Orfeo
Dramma per musica in tre atti di Nicola Porpora
Con musiche di Nicola Porpora Leonardo Vinci, Francesco Araia, Johann Adolf Hasse, Francesco Maria Veracini, Geminiano Giacomelli
Libretto di Paolo Rolli
Edizione critica a cura di Giovanni Andrea Sechi
Orfeo Raffaele Pe
Euridice Anna Maria Sarra
Aristeo Rodrigo Sosa Dal Pozzo
Proserpina Giuseppina Bridelli
Pluto Davide Giangregorio
Autonoe Federica Carnevale
Direttore George Petrou
Regia, scene, costumi e luci Massimo Gasparon
Armonia Atenea
Nuova produzione
La Londra musicale dei primi quaranta anni del ‘700 era tutta dedicata all’opera italiana. Con la morte di Purcell gli inglesi trovarono nel tedesco Händel un degno successore che incantò il pubblico inglese fin dal clamoroso successo di Rinaldo. Rinaldo è un’opera che fa largo uso di materiale precedente composto proprio in Italia, materiale perfettamente adattato dal “Caro Sassone” e non noto agli inglesi. Sono anni in cui le opere, dopo la prima serie di rappresentazioni, raramente venivano riprese da qui la necessità di riutilizzo di musica già composta. Una pratica che utilizza anche Porpora. Come ci spiega il grande musicologo Giovanni Andrea Sechi che dal 2013 sta lavorando alla ricostruzione dell’opera Orfeo, Porpora seleziona il meglio delle arie composte da se stesso, Leonardo Vinci, Francesco Araia, Johann Adolf Hasse, Francesco Maria Veracini, Geminiano Giacomelli.
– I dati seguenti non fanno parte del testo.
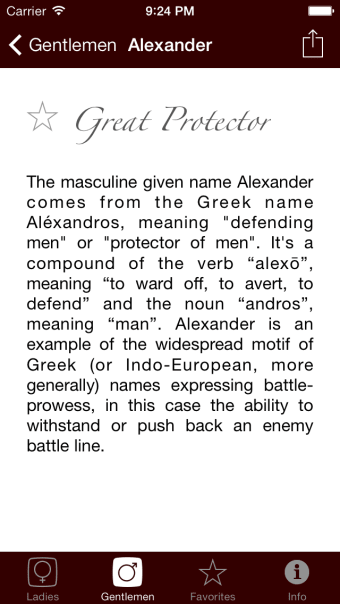 Namer - The Origin of Names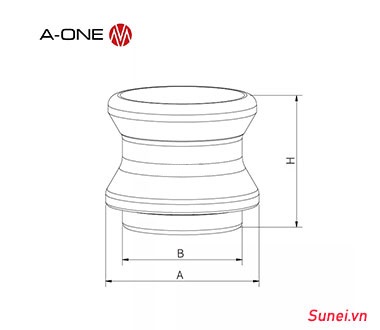 Nút định vị pallet 3A-400016/3A-400116 - Ảnh 2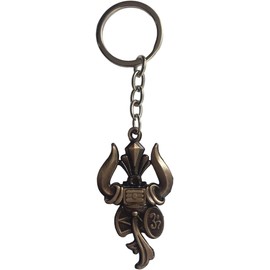 Creative Zone Lord Shiva Trishul Lord Shiva Trishul Mahakal Keychain Car Bike Home(Multi Color)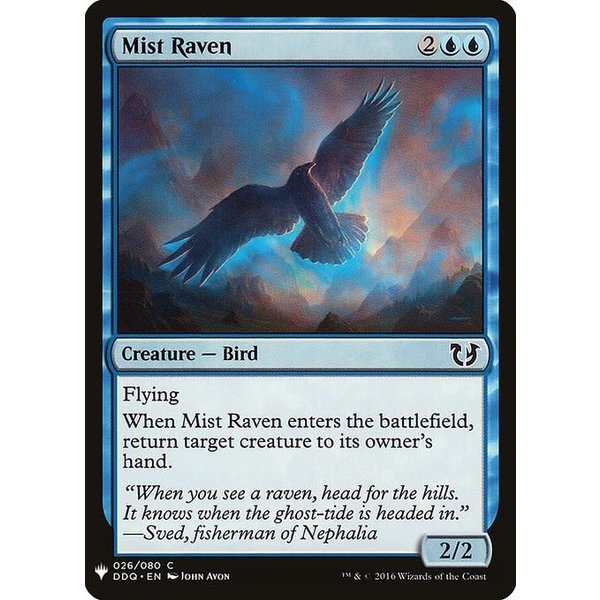 Magic: The Gathering Mist Raven (434) Near Mint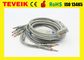 Pisang 4.0 M3703C PLPS Satu Peice Series EKG Cable IEC Standard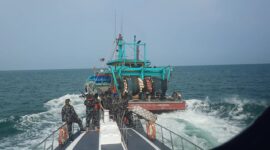 KKP amankan kapal ikan asing di Selat Malaka. Foto:Istimewa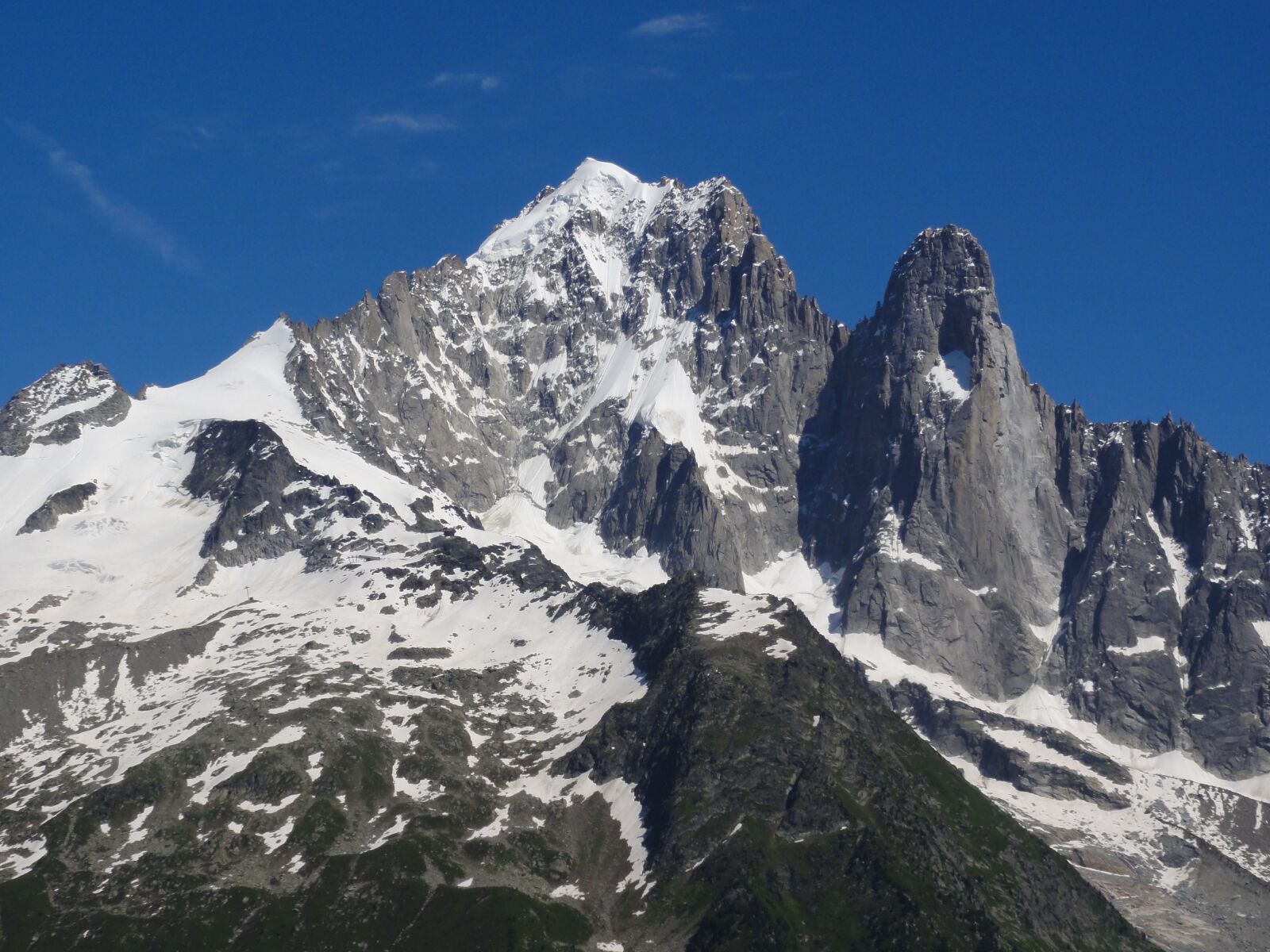Sony DSC-HX5V sample photo. Aiguille, verte, et photography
Più che un pasticcio si tratta di una selezione del meglio, degli highlights, delle arie di baule che meglio rappresentavano i cantanti selezionati. Sei superbi cantanti a dire il vero. Orfeo fu uno degli ultimi ruoli portati sulle scene da Farinelli, ruolo che possiamo pensare come una consacrazione. Euridice fu Francesca Cuzzoni cantante di riferimento negli anni ’20 di Händel ma che da alcuni anni non cantava a Londra. Questa lunga attesa di un nuovo ruolo per Londra aveva generato molta suspence. Aristeo impersonato dal Senesino creava un importante confronto fra i due massimi castrati. Autonoe fu Francesca Bertolli, Proserpina fu Santina Tasca a cui fu affidata difficile musica e Plutone il grande basso Antonio Montagna. Grazie al ritrovamento recente da parte di Sechi di un manoscritto a Zurigo, proveniente da New Castle è stato possibile eseguire l’opera nella forma completa e il musicologo ha il merito di ricomporre in maniera definitiva il puzzle con nuove intelligenti attribuzioni delle numerose arie.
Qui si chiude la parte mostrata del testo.